Eine Frage der Glaubwürdigkeit

Doch wie gross ist die Gefahr wirklich, dass Regierung oder Landrat schon in Kürze mit der nächsten linearen Lohnkürzung kommen? Gerade die Bürgerlichen schossen in der Vergangenheit schliesslich schon oft genug gegen die Privilegien des Kantonpersonals. Nicht so dieses Mal: «Das Personal hat damit einen wichtigen Sparbeitrag geleistet», sagt Balz Stückelberger. Der FDP-Landrat beschäftigte sich als Präsident der Personalkommission intensiv mit dem Gerichtsurteil. Sein Fazit: «Natürlich wäre es auf den ersten Blick verlockend, nun weitere Lohnkürzungen durchzusetzen, um den Staatshaushalt zu entlasten. Doch nur weil es rechtmässig ist, ist es nicht gerechtfertigt.»

Für Stückelberger sollten flächendeckende Lohnkürzungen nur im Notfall angewendet werden, da sie personalpolitisch «notwendig, aber sehr unpopulär» seien. «Ohne Not wären weitere Kürzungen nur schwer zu rechtfertigen. Es geht auch um die Glaubwürdigkeit der Regierung, da es schlicht nicht professionell wäre, portionenweise Kürzungen anzukündigen.» Wenn überhaupt, so der Freisinnige, hätte die Regierung von Anfang an eine höhere Lohnkürzung beantragen müssen.
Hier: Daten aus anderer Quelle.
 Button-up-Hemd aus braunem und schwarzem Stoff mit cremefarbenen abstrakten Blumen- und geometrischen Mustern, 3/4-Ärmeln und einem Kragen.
Stückelberger erwartet auch aus seiner Fraktion keine weiteren Vorstösse in diese Richtung. Wichtiger sei es nun, ganz gezielte Sparmassnahmen umzusetzen. Dies im Rahmen der Vorgabe an die Kantonsverwaltung, bis 2019 zehn Prozent des Personalaufwands einzusparen. Dieses Ziel, an dem die fünf Direktionen zurzeit spürbar zu knabbern haben, hält Stückelberger eigentlich für «nicht wahnsinnig ehrgeizig».

Auch bei der SVP konzentriert man sich auf anderes als Lohnkürzungen nach dem Rasenmäher-Prinzip. «Das wäre jetzt nicht zielführend», sagt Landrat Hanspeter Weibel. Und die Baselbieter Regierung lässt schriftlich ausrichten: «Wir haben wenig Verständnis für diese Spekulationen. Massgebend ist der Aufgaben- und Finanzplan 2017-2020, der dem Landrat vorgelegt wurde.» Dort ist keine weitere lineare Lohnkürzung enthalten.

Lohnsystem an sich in Gefahr

Können die Gewerkschaften also aufatmen? «In dieser Deutlichkeit höre ich das von den Bürgerlichen zum ersten Mal», sagt Martin Kaiser, VPOD-Präsident der Region Basel, und hält fest: «Dann nehmen wir sie aber auch beim Wort.» Denn grundsätzlich traut Kaiser dem bürgerlich dominierten Landrat alles zu. Überhaupt mahnt er: «Man muss sich bewusst sein, dass noch einige bürgerliche Vorstösse und Initiativen hängig sind, die es auf das Lohnsystem des Kantons an sich abgesehen haben. Die sind auch gefährlich.»

Tatsächlich sollten demnächst zwei Initiativen der Liga der Baselbieter Steuerzahler in den Landrat kommen, die das kantonale Personalrecht liberalisieren wollen. Und Stückelberger hat erst vergangenen Juni eine Motion eingereicht, die das Kündigungsrecht lockern möchte. In der Personalkommission wird zudem gerade die Revision des Personalgesetzes beraten, bei der die FDP ähnliches anstrebt. Bereits überwiesen wurde ein Postulat der SVP, das das kantonale Lohnsystem mit den starren Lohnklassen flexibler gestalten will.

Hier möchte auch Weibel ansetzen: «Ich propagiere seit Jahren, dass man die Löhne der älteren Kantonsangestellten senken sollte.» Diese hätten schliesslich weniger Ausgaben und höhere Pensionskassenbeiträge. Ausserdem würden sie bei Bewerbungen attraktiver weil günstiger. «Das müsste auch im Sinne des Personals sein, da so auch die Generation 50+ leichter Jobs finden würde, respektive für den Kanton eine längere Beschäftigung interessant ist.»